When September Called Me


Photo by Francesco Ungaro


Suddenly the time called me…

Setelah dua tahun berlalu mengapa tiba-tiba kenangan buruk di bulan September kembali hadir dan memporak-porandakan seluruh benteng pertahanan yang telah aku bangun dengan susah payah.

Jika September lalu aku bisa berjalan tanpa harus kesakitan mengingatmu lagi, lantas mengapa September kali ini aku harus jatuh ke lubang yang sama? Kembali mengingatmu, kembali mencercamu, kembali lagi menangisimu…

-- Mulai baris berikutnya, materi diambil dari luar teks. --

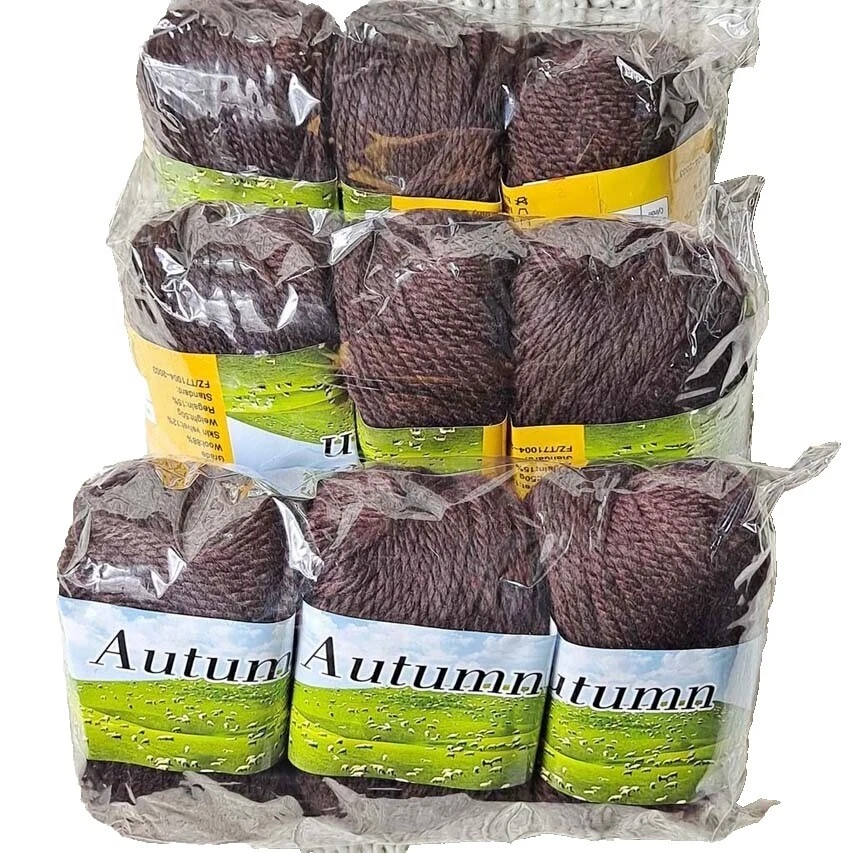 T-Shirt/Camiseta marrón Yarns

Sudah seharusnya, ya sudah seharusnya aku tak lagi menangisimu saat kembali membuka catatan lama. Membaca setiap ejaan yang kemudian menghidupkan kembali kenangan lama. Aku ingin kembali membencimu, tapi hatiku terlampau lelah. Aku ingin kembali marah, berteriak kepadamu. Tapi buat apa? Toh dengan marahnya aku tak akan membuatmu berpaling darinya begitupun dengan aku yang enggan untuk kembali mengulang bersama lagi.

Aku terus mencari alasan lain. Hingga akhirnya aku sadar, aku masih bertanya-tanya atas kepergianmu yang mendadak dan juga tanpa kejelasan yang jelas. Kamu tak mengakhirinya hanya menyisakan koma yang tak kunjung usai. Alih-alih menyelesaikan kamu malah membuat cerita baru yang kini sudah tak bisa diganggu gugat lagi pemiliknya.

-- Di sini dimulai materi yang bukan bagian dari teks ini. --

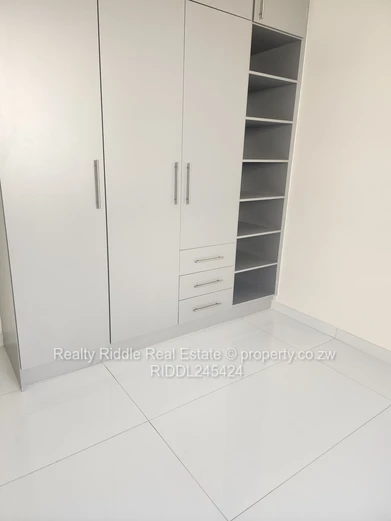 Emerald Hill: New 3-Bed Townhouse Complex w/ Borehole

Sadar bahwa sudah seharusnya aku mengikhlaskan koma yang tak kunjung selesai ini. Hanya saja ikhlas tak semudah kata yang terucap, tak semudah tindakan yang harus dilakukan. Aku sadar. Aku perlu dialog-dialog yang lebih panjang lagi untuk benar-benar bisa memulihkan hatiku  dan menyadarkan aku bahwa aku tak perlu lagi mencari alasan ataupun sebab atas kepergianmu yang bak ditelan di bumi.

Karena seperti katamu dulu, bukankah semuanya sudah usai? Bukankah aku hanyalah bentuk dari masa lalumu? Bukan untuk masa depanmu. Bahkan bisa jadi kamu kini telah benar-benar menghapusku dari kehidupan barumu.

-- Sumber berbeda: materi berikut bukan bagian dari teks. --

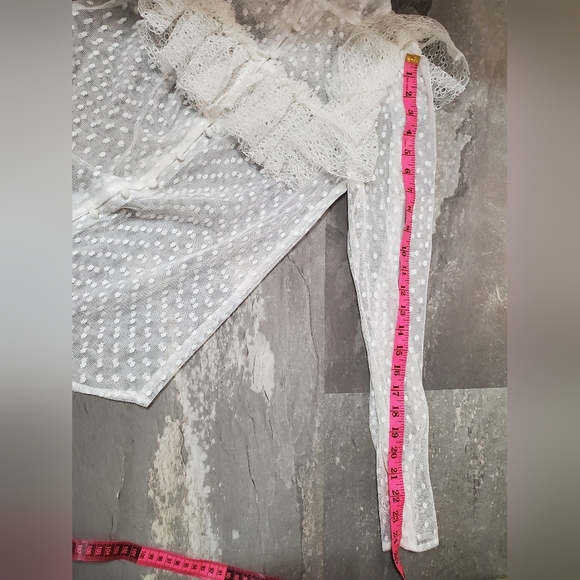 Sandra Mansour X H&M Flounced Tulle Blouse Elegant Sheer Lace. White, Cream. XS. - Picture 10 of 11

Mengapa harus kamu yang lebih dahulu berlabuh? Mengapa harus kamu yang lebih dahulu membuat rangkaian cerita indah? Mengapa tidak aku dulu? Orang yang kamu tinggalkan tanpa alasan. Orang yang kamu jawab dengan undangan: jelas semua itu meluluh lantahkan pertanyaanku, harapanku, dan juga doaku.

Aku dipaksa untuk menerima kenyataan tanpa harus berkata lagi mengapa?

Aku dipaksa untuk berhenti mencari tanpa ada kata tapi.

Dan aku dipaksa untuk ikhlas, menerima tanpa lagi bertanya sebenarnya mau itu apa?

 Aku dipaksa untuk memeluk semua kenangan itu sendirian.

Dipaksa untuk kembali berjalan meski aku tahu semua tujuan itu telah hilang.

 September kali ini masih saja membunuhku.

Dengan segala kenangan yang berputar-putar menari di kepala.

Aku ingin lari, tapi kenangan itu terus saja membuntuti.

Lantas harus kemana lagi aku melangkah agar semua kenangan ini melebur dan tak tersisa lagi?

Adakah seseorang di sana yang siap membantuku melalui dialog-dialog panjang dan juga langkah-langkah ringan untuk melepaskan beban yang dirasa?

Dimanakah kamu? Bisakah kamu membantuku?

Aku ingin menerima September dengan segala pahit dan urusan-urusan yang tak terselesaikan dengan baik.